An ICRL 2020 paper titled Incorporating BERT into Neural Machine Translation by authors from several Chinese institutions finally managed to leverage BERT in a meaningful way. Although the paper is formulated as presenting a positive result, for me the main message of the paper is that you need to try very hard to get some improvement from using BERT, and even if you do quite clever things, the improvement might pay off only specific setups.

BERT is a pre-trained model used to get contextual word representation. It is trained using the so-called masked-language-model objective. In practice, it means that 15% of the words in the sentence are masked out and the model guesses what the missing words are. To do so, it needs to somehow understand (whatever “to understand” it means) the content of the sentence and store this understanding in its hidden states. If such a model is pre-trained on millions and millions of sentences, it learns a very informative representation that can be reused in various tasks.

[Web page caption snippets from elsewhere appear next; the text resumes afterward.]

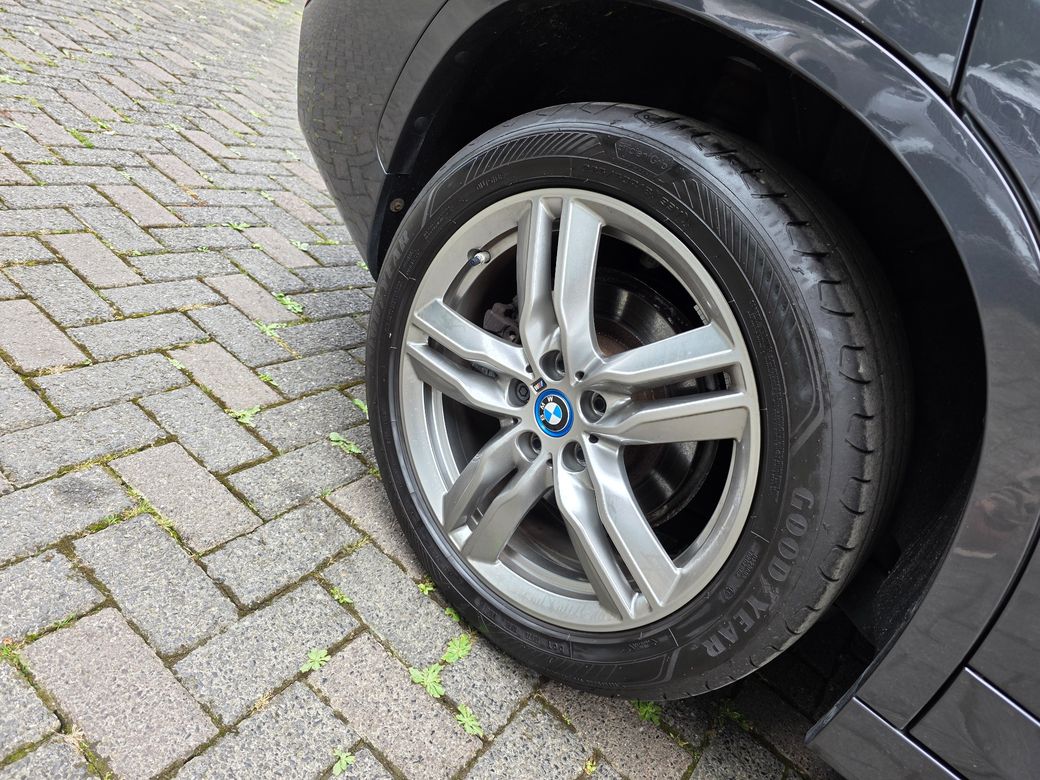 2022 BMW X1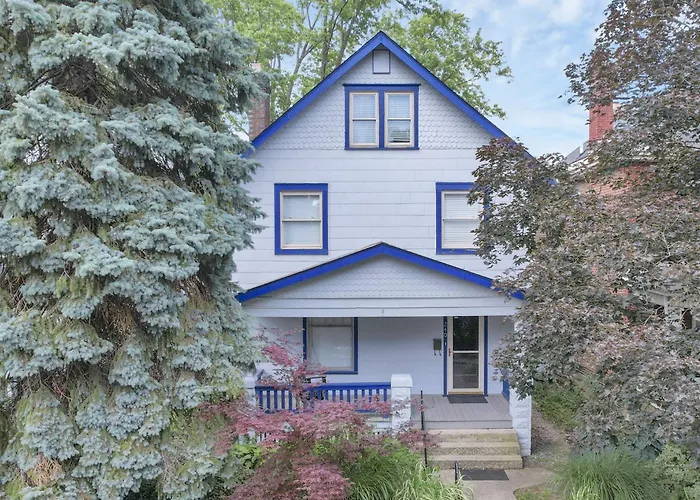 Housepitality - The Maynard Manor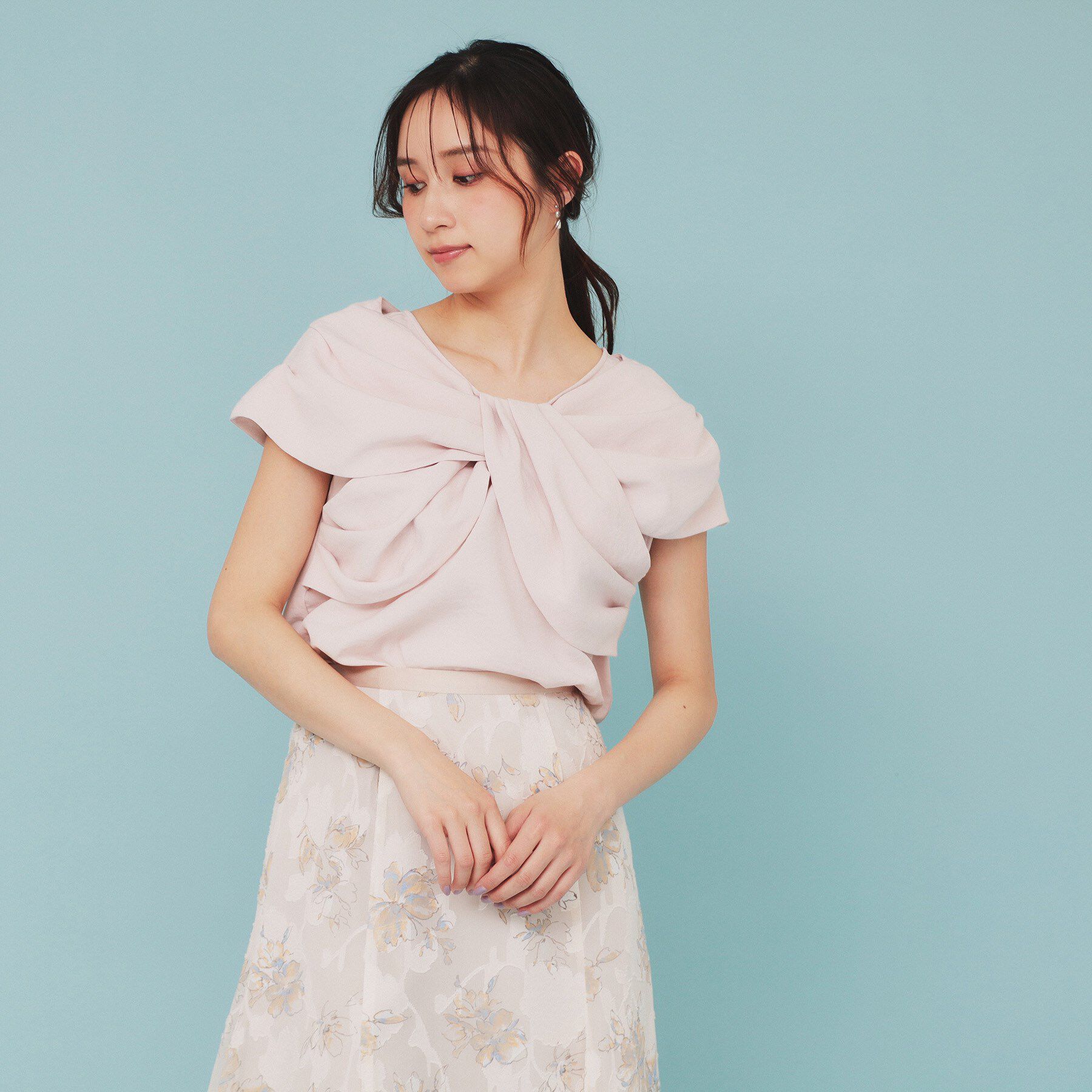 index「ビッグリボンショールブラウス【洗濯機洗い可/吸水速乾/防シワ/抗ピル/イージーアイロン】」|シャツ・ブラウス|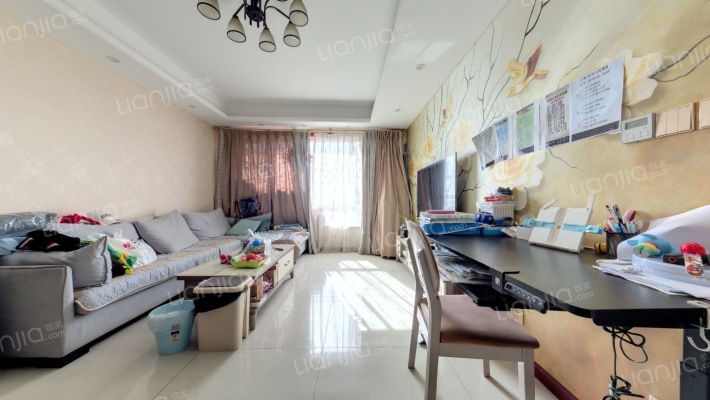 保利锦湖林语南区二手房实景图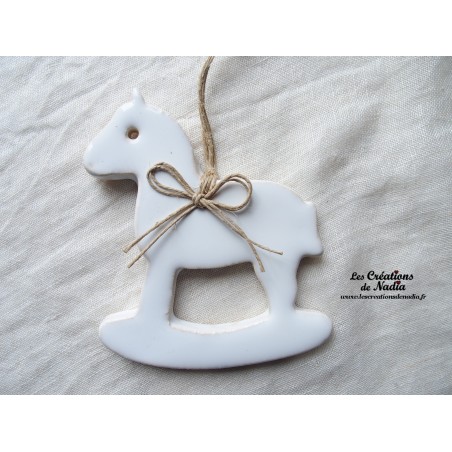 Cheval à bascule en céramique, couleur blanc Cheval à bascule en céramique, couleur blanc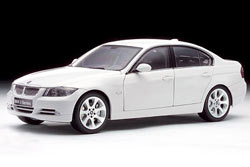 1:18 BMW 3 SERIES E90 WHITE (Kyosho, DC08731W)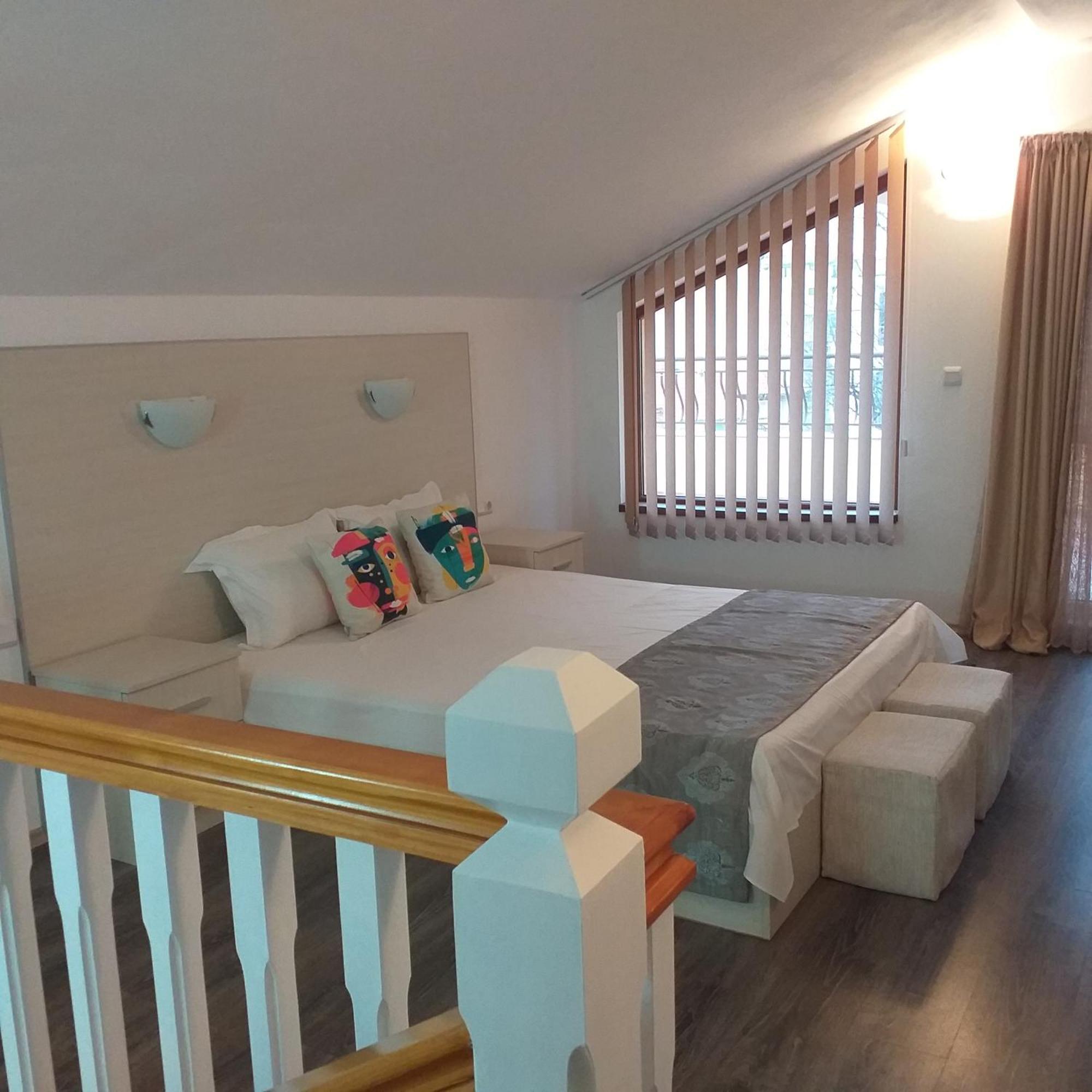 Time Out Hotel Sozopol Phòng bức ảnh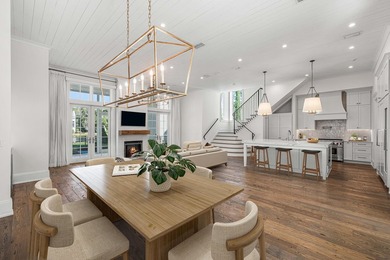 Set within the exclusive waterfront neighborhood of Churchill - photo 3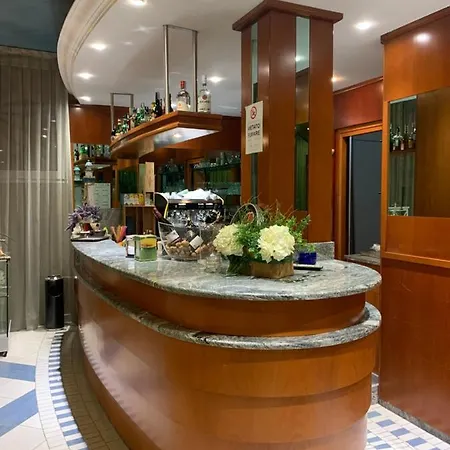 Bellevue Отель Каорле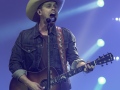 Dustin Lynch 10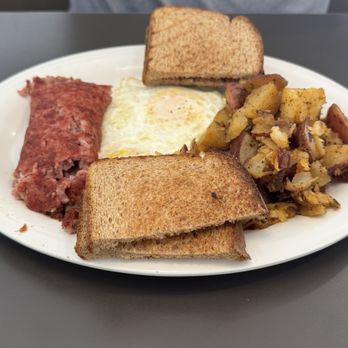Eggs Up Grill - Side Corned Beef Hash - Breakfast & Brunch Near Me - Apopka, Florida Eggs Up Grill - Side Corned Beef Hash - Breakfast & Brunch Near Me - Apopka, Florida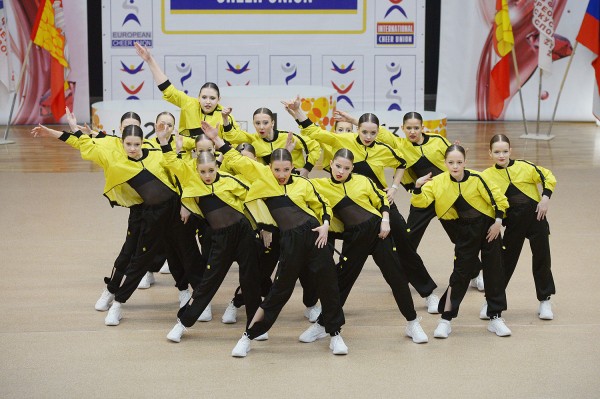 Акробатический перформанс. В Воронеже состоялись соревнования по чир-спорту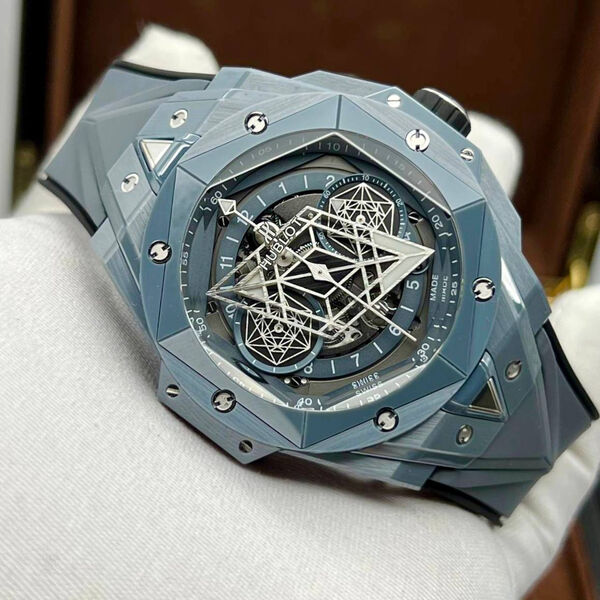 Мужские часы Hublot Big Bang графитовый 155570-5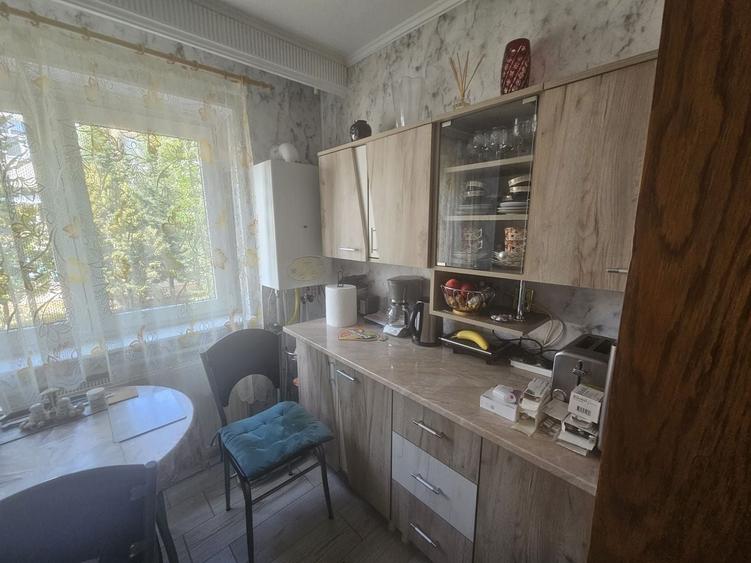 Apartament cu 4 camere decomandat în Exercițiu
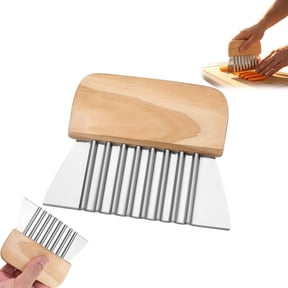 SomWiBe Stainless Steel Crinkle Cutter for Vegetables & Fruits, Wavy Potato & Carrot Slicer with Comfortable Handle, Multi-Function Kitchen Tool, Dishwasher Safe (1PC, Silver)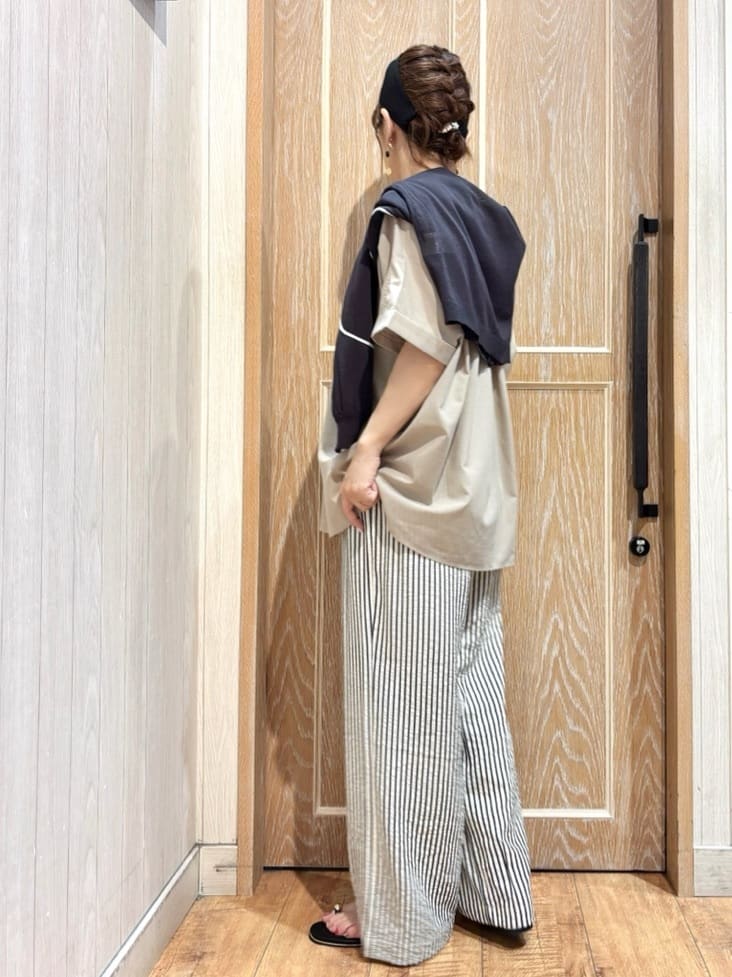 meiさんの「SHOO･LA･RUE｜ニュアンスデザインがこなれ見え 刺繍デザイン シアーカーディガン」を使ったコーディネート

The paper starts with preliminary experiments with results I believe must be familiar to many research groups. If you use BERT as an encoder (no matter if with fixed weights or if you continue training it), the results are the same or even worse than when training a translation-specific encoder.

The trick with which they make it work is adding another attention layers: from the encoder to BERT and from the decoder to BERT. In this setup, the model does hot have to rely on representations from BERT, it learns its own input representation, but it can cherry-pick a useful piece of information from BERT when necessary. The architecture is shown in Figure 1 on page 4 of the paper:

Architecture

At the expense of running one extra encoder (the model is thus one third larger), this trick only negligibly improves translation between English and French. However, they do not show if it is thanks to BERT and not just because of having a much larger model. It offers some improvements for low-resource setups. Nevertheless, they only show experiments with European languages, so the question is how it would perform for really low-resource languages. The trick brings a pretty decent improvement for unsupervised translation, but the same objection holds here. If you have enough data to train BERT, it is very unlikely that you do not have any parallel data at all. Also, it might be better to use the data to train the actual translation instead of training BERT. It is not clear if it is BERT and its masked-language-model objective or the data BERT was trained on that makes the difference here.

A conclusion that I am tempted to draw is: if BERT is the only encoder you have, some information is missing, but if it just an additional source of information, it can have something that the encoder is not able to learn. If it is only due to BERT having access to plenty of training data or something else, however, remains a mystery.

For me, the main message of the paper is: meaningfully using BERT in machine translation is difficult and it is not clear if it pays off. However, for someone who would like to build a translation system between a high-resourced and a low-resourced language and there already was a well-trained BERT for the high-resource language, this might actually be a good trick to know about.